*Exercise directions:* Images are to be dropped, and the rest of the data reproduced exactly.

═════ Provided material ═════

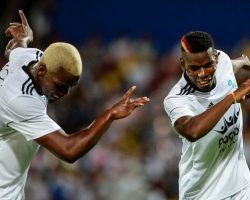 Pogba dab cùng anh trai Matias trong trận đấu từ thiện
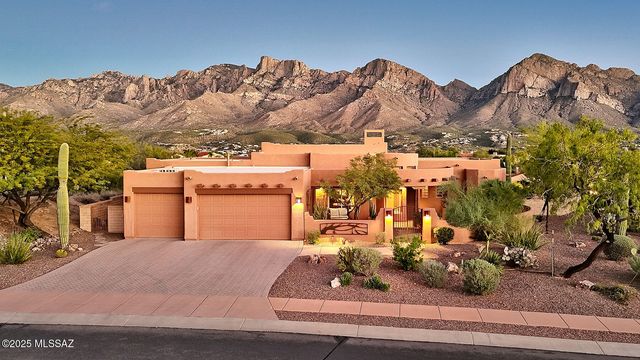 11158 N Pusch Ridge Vistas Drive, Oro Valley, AZ 85737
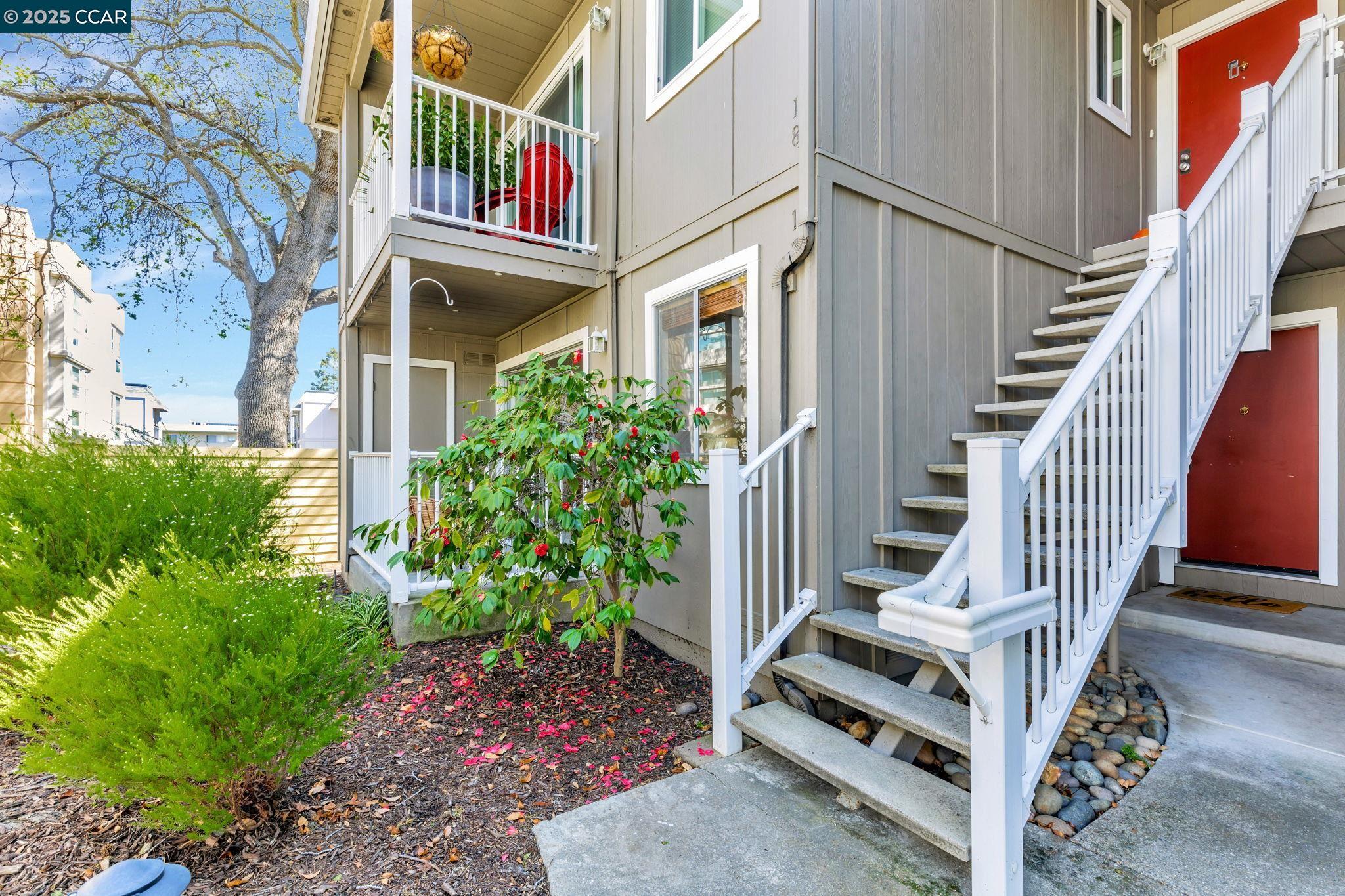 Detail Gallery Image 1 of 1 For 1568 Sunnyvale Ave #17,  Walnut Creek,  CA 94597 - 2 Beds | 1 Baths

═════

*Written response:*
 Pogba dab cùng anh trai Matias trong trận đấu từ thiện
 11158 N Pusch Ridge Vistas Drive, Oro Valley, AZ 85737
 Detail Gallery Image 1 of 1 For 1568 Sunnyvale Ave #17,  Walnut Creek,  CA 94597 - 2 Beds | 1 Baths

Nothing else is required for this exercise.